- DATA SHOWN
* * *
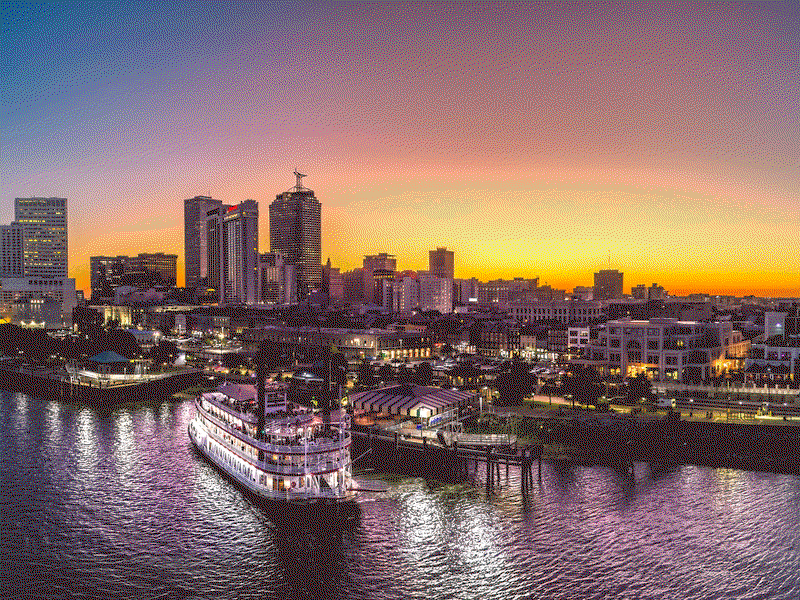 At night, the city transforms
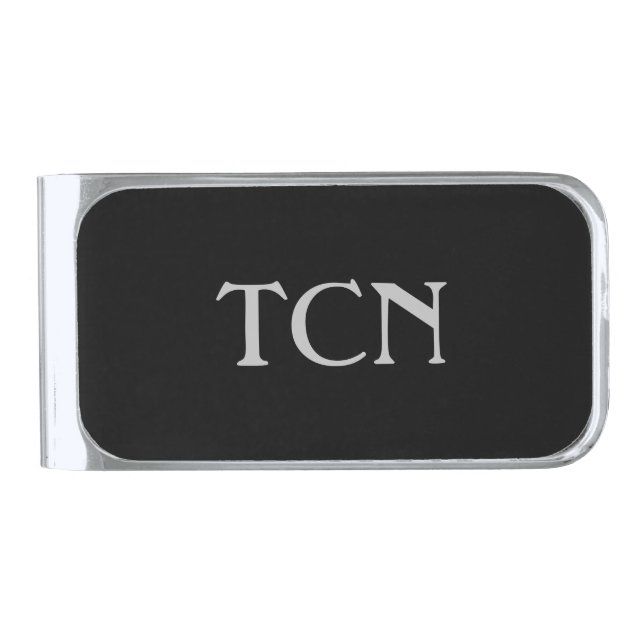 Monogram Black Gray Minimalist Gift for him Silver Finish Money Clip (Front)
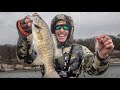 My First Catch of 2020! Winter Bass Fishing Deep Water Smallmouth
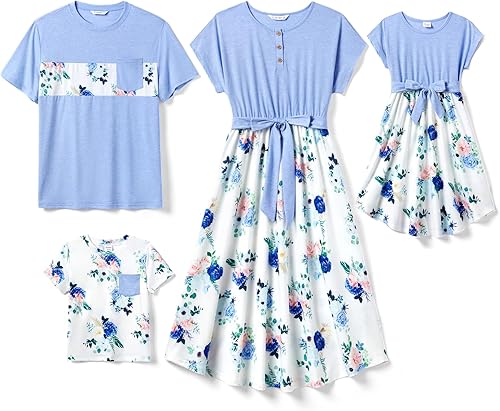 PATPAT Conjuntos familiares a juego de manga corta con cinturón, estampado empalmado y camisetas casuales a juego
* * *
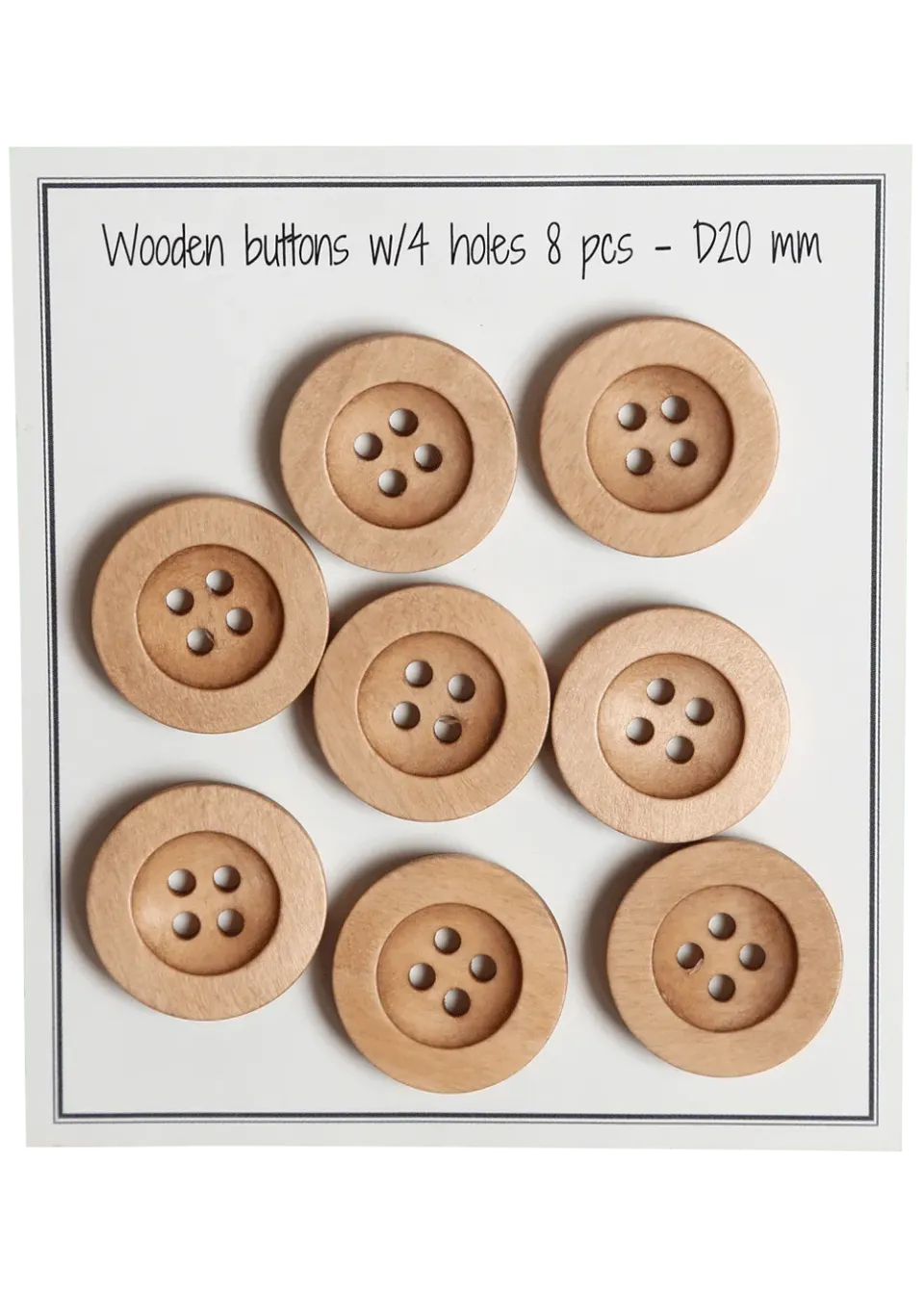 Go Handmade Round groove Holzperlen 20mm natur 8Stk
* * *
- REQUIRED ACTION
Of the lines above, quote exactly those from the one with "At night, the city transforms" through the one with "PATPAT Conjuntos familiares", ends included; pictures stay out.

- TASK SOLUTION
 At night, the city transforms
 Monogram Black Gray Minimalist Gift for him Silver Finish Money Clip (Front)
 My First Catch of 2020! Winter Bass Fishing Deep Water Smallmouth
 PATPAT Conjuntos familiares a juego de manga corta con cinturón, estampado empalmado y camisetas casuales a juego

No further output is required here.